It must have been a surprise to many when Richard Neutra, the renowned
modern architect, decided to share his work with a partner. During his
first years in Los Angeles, he had briefly collaborated with Schindler,
but the two didn't work well together and dissolved the professional
relationship. Nearly thirty years later, Neutra was himself an icon
of modern architecture whose achievements reflected a forceful personality,
original architectural philosophy, and iconoclastic design concepts.
With his wild white hair and piercing eyes, he appeared a stereotype
of the egotistical genius. And yet, in his later years, Neutra's practice
had begun to diminish. Rather than retire with a spectacular resume
of accomplishments, however, he hoped to revive his career by collaborating
on larger urban projects. When Robert Alexander approached him with
hopes of working together on a major Los Angeles housing development,
Neutra accepted the challenge.
Robert Evans Alexander was born in 1907 in Bayonne, New Jersey, and
played football for Cornell University. After graduating in 1930, Alexander
moved to Southern California, where he became a partner in the firm
of Wilson, Merrill and Alexander. The firm gained professional notice
during its collaboration with Reginald Johnson and Clarence Stein on
Baldwin Hills Village beginning in 1937. This 627-unit residential development
launched Alexander into the world of urban planning. In 1948, he became
president of the Los Angeles Planning Board, a position that proved
helpful in obtaining coveted work from the Federal Housing Authority
(FHA). Alexander hoped to design one of the FHA's most prominent projects
in Los Angelesthe Chavez Ravine housingbut needed the clout
of a major architect to secure the commission. Neutra fit that description,
and in 1949, he agreed to work with Alexander on the Ravine project.

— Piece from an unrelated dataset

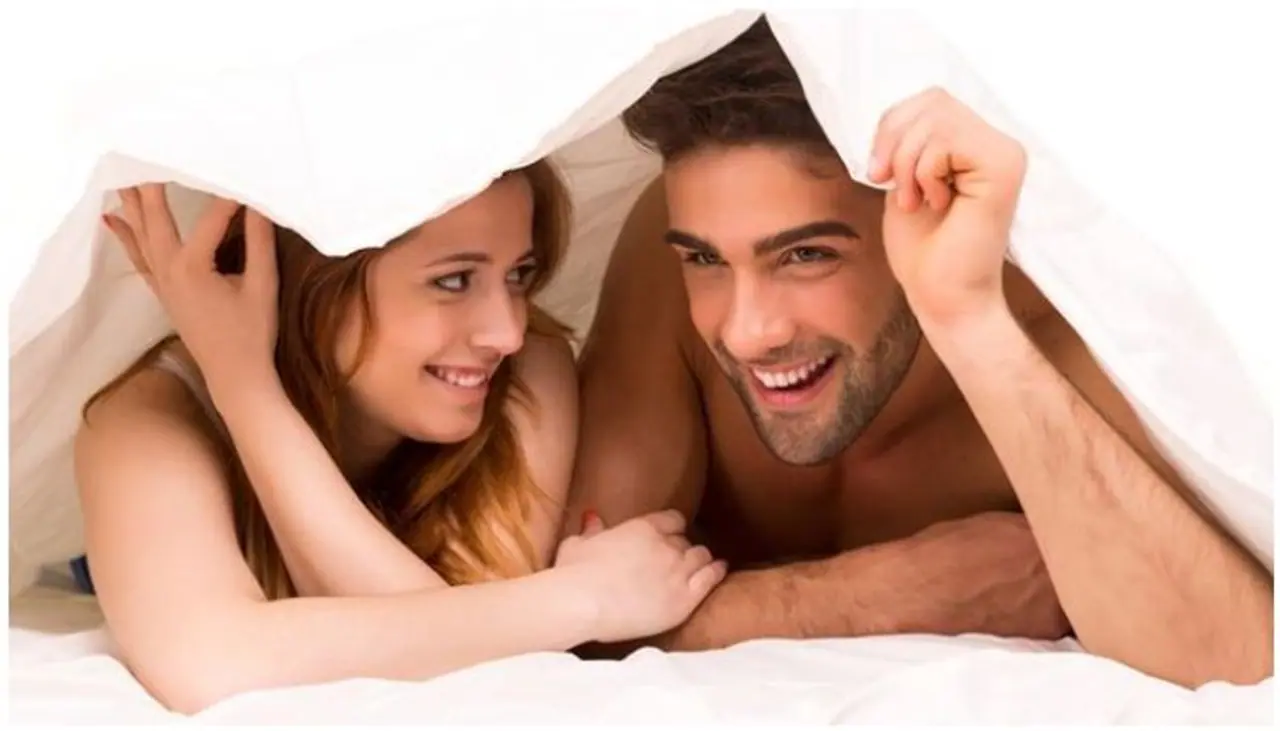 <p>ಆಯುರ್ವೇದದಲ್ಲಿ ಸೆಕ್ಸ್ ನ್ನು ಲೈಂಗಿಕ ಆನಂದದ ಹೊರತಾಗಿ, ಇದು ದೇಹವನ್ನು ಪೋಷಿಸುವ ಕ್ರಿಯೆ ಎಂದು ಪರಿಗಣಿಸಲಾಗಿದೆ. ಪತಿ ಪತ್ನಿ ನಡುವಿನ ಸಂಬಂಧವನ್ನು ಬಲಪಡಿಸಲು, ಅವರ ದೈಹಿಕ ಸಂಬಂಧವನ್ನು ಸುಧಾರಿಸುವುದು ಬಹಳ ಮುಖ್ಯ. ಲೈಂಗಿಕತೆಯು ಪೀಳಿಗೆಯನ್ನು ಹೆಚ್ಚಿಸಲು ಮಾತ್ರವಲ್ಲ, ಆದರೆ ಇದು ದಂಪತಿ ನಡುವಿನ ಪರಸ್ಪರ ಸಂಬಂಧ ಮತ್ತು ಹೊಂದಾಣಿಕೆಯನ್ನು ಸುಧಾರಿಸುತ್ತದೆ.</p> <p>ಆಯುರ್ವೇದದಲ್ಲಿ ಸೆಕ್ಸ್ ನ್ನು ಲೈಂಗಿಕ ಆನಂದದ ಹೊರತಾಗಿ, ಇದು ದೇಹವನ್ನು ಪೋಷಿಸುವ ಕ್ರಿಯೆ ಎಂದು ಪರಿಗಣಿಸಲಾಗಿದೆ. ಪತಿ ಪತ್ನಿ ನಡುವಿನ ಸಂಬಂಧವನ್ನು ಬಲಪಡಿಸಲು, ಅವರ ದೈಹಿಕ ಸಂಬಂಧವನ್ನು ಸುಧಾರಿಸುವುದು ಬಹಳ ಮುಖ್ಯ. ಲೈಂಗಿಕತೆಯು ಪೀಳಿಗೆಯನ್ನು ಹೆಚ್ಚಿಸಲು ಮಾತ್ರವಲ್ಲ, ಆದರೆ ಇದು ದಂಪತಿ ನಡುವಿನ ಪರಸ್ಪರ ಸಂಬಂಧ ಮತ್ತು ಹೊಂದಾಣಿಕೆಯನ್ನು ಸುಧಾರಿಸುತ್ತದೆ.</p>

Although this controversial development was never built, the architects'
collaborative experience resulted in the establishment of Neutra and
Alexander. [18]
In Robert Alexander, Neutra hoped to find a colleague who could bring
in larger commissions and oversee their administration. During its early
years, the newly established firm obtained several major contracts,
including an urban redevelopment project on the island of Guam, college
buildings, churches, and elementary schools. However, even as Neutra
and Alexander received design awards and a steady stream of clients,
their personal working relationship had begun to crumble. The fact that
Neutra and Alexander worked in separate offices did not contribute to
a smooth collaboration. Neutra concentrated on the design concepts from
his home in Silverlake, while Alexander tackled the firm's planning
issues from an office down the block. The partnership began to dissolve
during the Gettysburg and Petrified Forest commissions of 1958, with
the understanding that work already begun would be followed to completion.

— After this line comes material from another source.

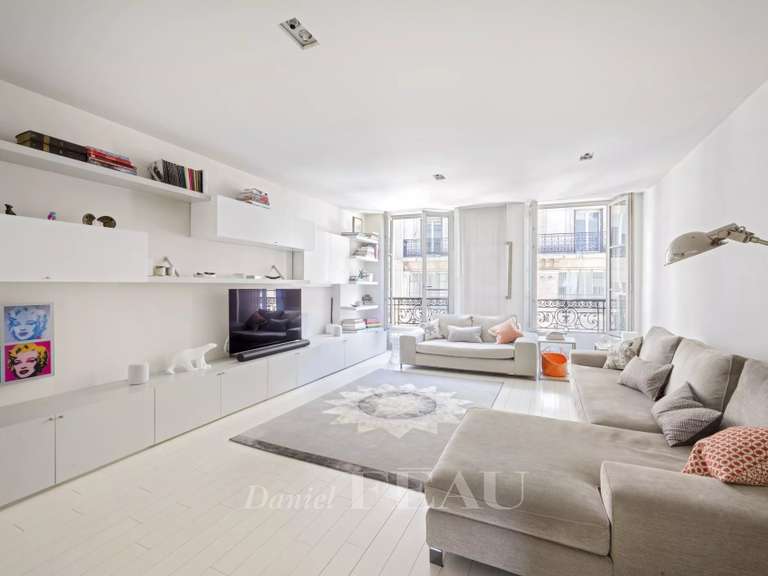 Appartement Paris 9e - 2 chambres - 114m²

During the final stages of these projects, Neutra continued to work
from Silverlake, while Alexander opened his own Los Angeles office on
South Flower Street.
As the partnership developed, Neutra and Alexander's conflicting design
philosophies became increasingly apparent. Neutra produced austere buildings
based on the precepts of International Style modernism, whereas Alexander
tried to soften the crisp lines and severe minimalism. Given Neutra's
rigid modernist aesthetics, it must have been frustrating for Alexander
to hear the philosophical rationalizations of his work. In his writings,
Neutra drew on regional history, natural surroundings, and personal
experience to discover universal principles, which he then attempted
to represent in built form. Like other modern architects, he describes
historical allusions in his work that are sometimes difficult to perceive.

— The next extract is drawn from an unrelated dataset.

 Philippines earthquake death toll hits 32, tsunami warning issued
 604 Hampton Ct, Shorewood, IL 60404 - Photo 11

In a letter to Regional Director Thomas Allen he noted that "although
our building consists of rolled steel sections and aluminum sash plate
glazed and fabricated as of today, we have, in other aspects in our
motivations of design, followed the desire to relate men's work of today
with the long historical past." [19] Unlike some of his colleagues, Neutra realized that
historical associations were often overwhelmed by the modernist style,
and he attempted to compensate through his writings.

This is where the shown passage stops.